▸ What to do: No pictures go in the copy. Restate, word for word, each line from the one containing "500 The Esplanade" through the last line below.

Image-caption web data
==================================================
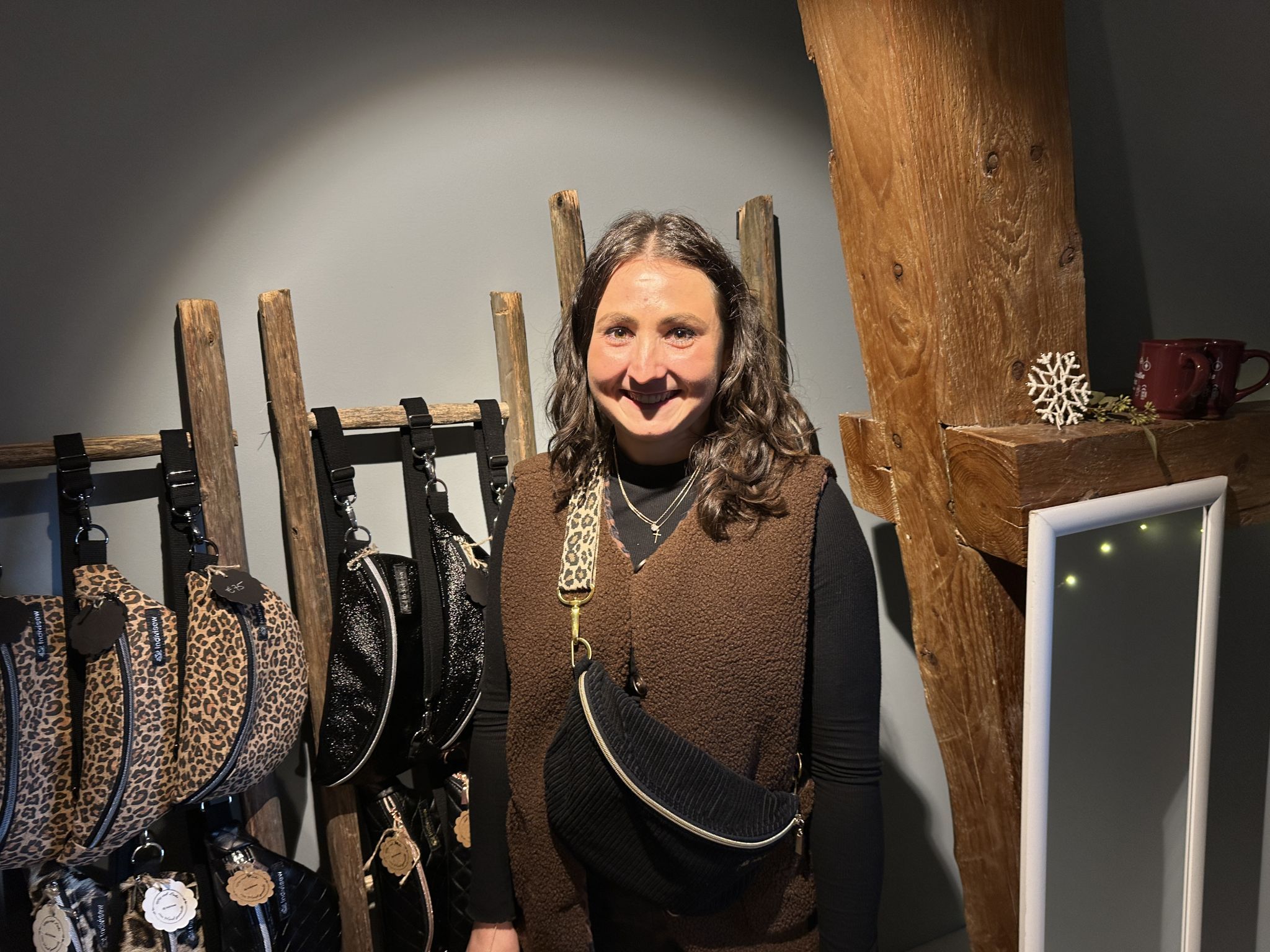 1)	Theresa Linher, Ludesch: Ich nähe Taschen jeglicher Art, so auch Windeltaschen, kleine Geldtaschen oder auch Kosmetiktäschchen. Aktuell sind Bauchtaschen wieder sehr gefragt.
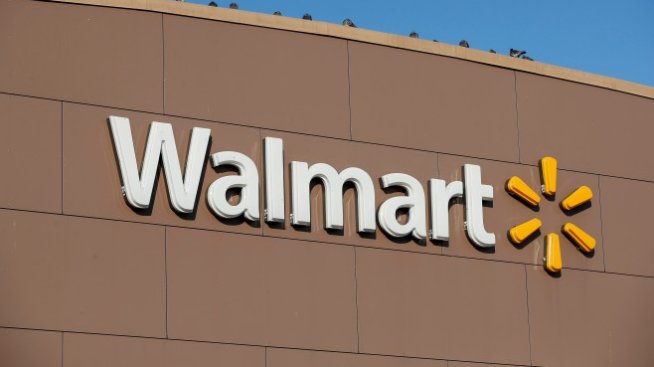 Проучване: Walmart набира преднина пред Amazon в онлайн покупките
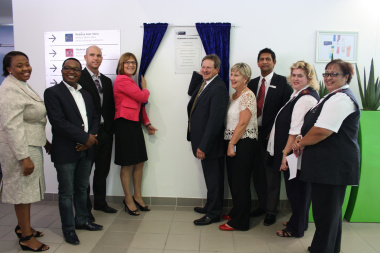 Western Cape Minister of Health, Mr Theuns Botha, unveils plaque to officiate the opening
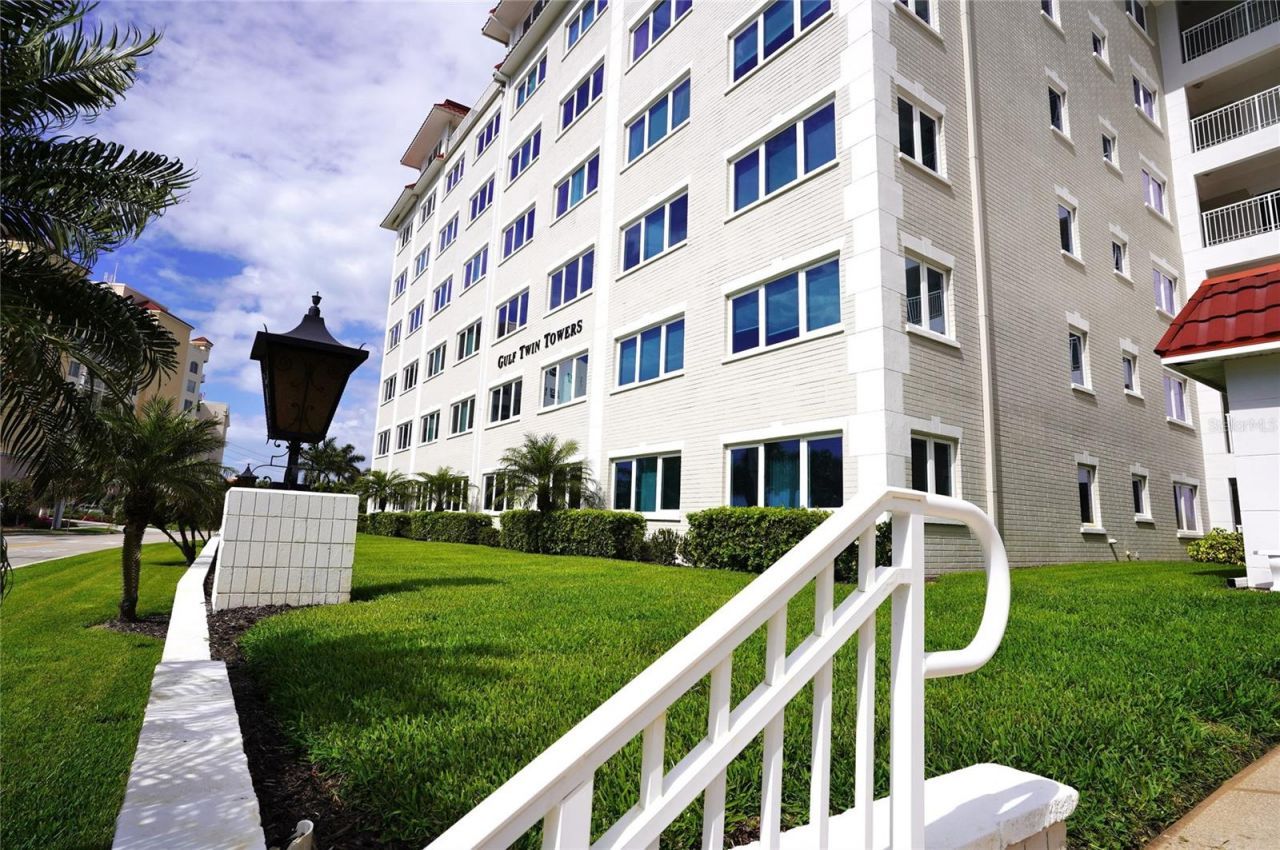 500 The Esplanade N, Unit 604, Venice, FL 34285 Photo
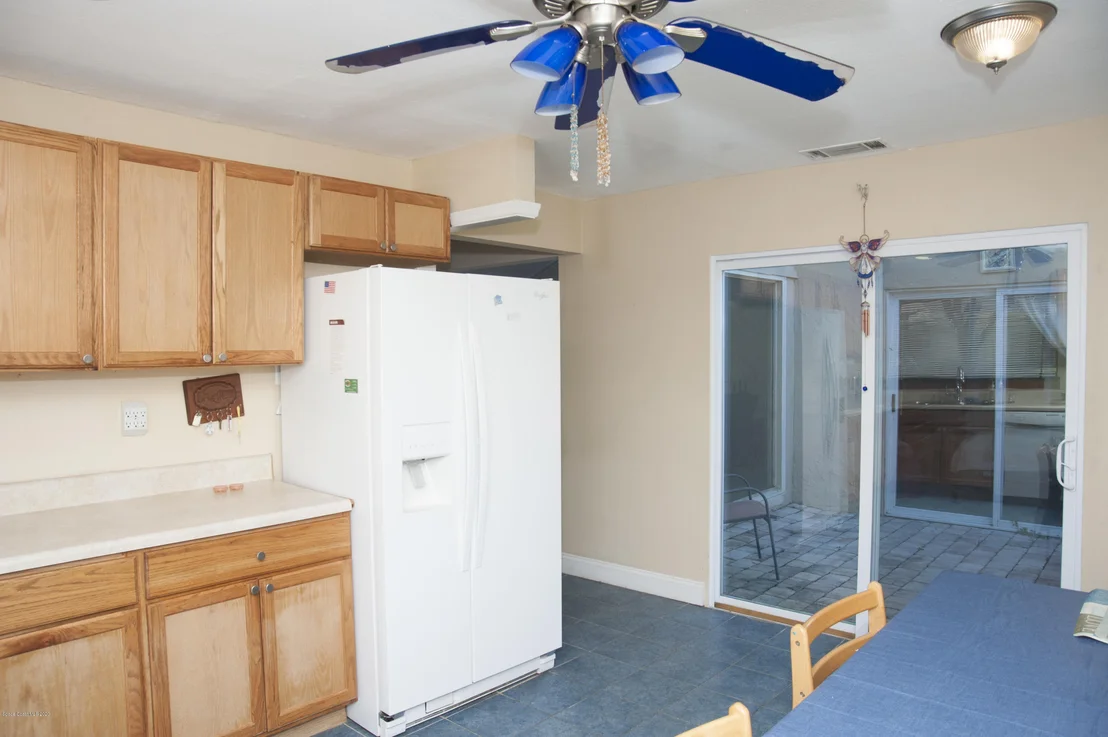 Photo of 300 Bayhead Drive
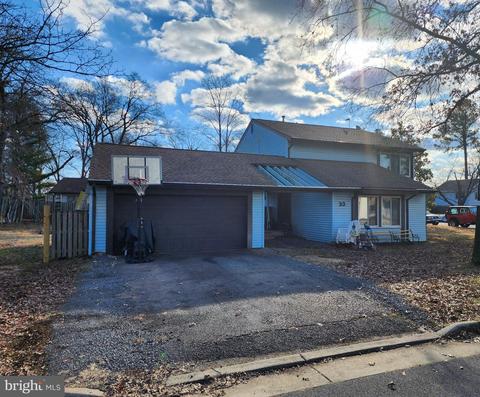 33 Thrush Rd, Sterling, VA 20164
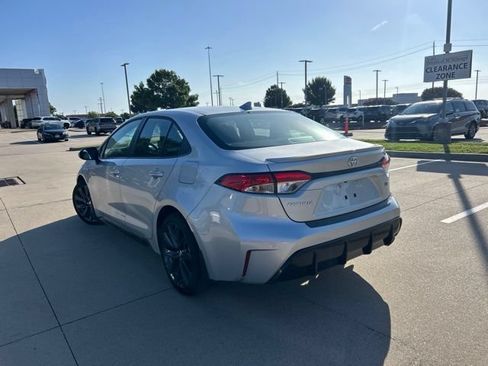 Used 2025 Toyota Corolla SE w/ SE Premium Package FWD image 5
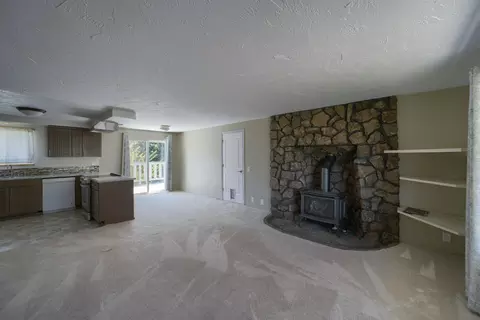 63640 High Standard Dr, Bend, OR 97701 photo 7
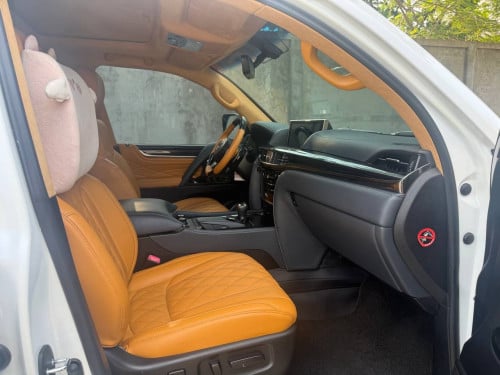 Lexus 570. ឆ្នាំ 2015 ឡេីង 2021 ឡេីង ក្នុង ក្រៅ Arab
==================================================
▸ Solved exercise:
 500 The Esplanade N, Unit 604, Venice, FL 34285 Photo
 Photo of 300 Bayhead Drive
 33 Thrush Rd, Sterling, VA 20164
 Used 2025 Toyota Corolla SE w/ SE Premium Package FWD image 5
 63640 High Standard Dr, Bend, OR 97701 photo 7
 Lexus 570. ឆ្នាំ 2015 ឡេីង 2021 ឡេីង ក្នុង ក្រៅ Arab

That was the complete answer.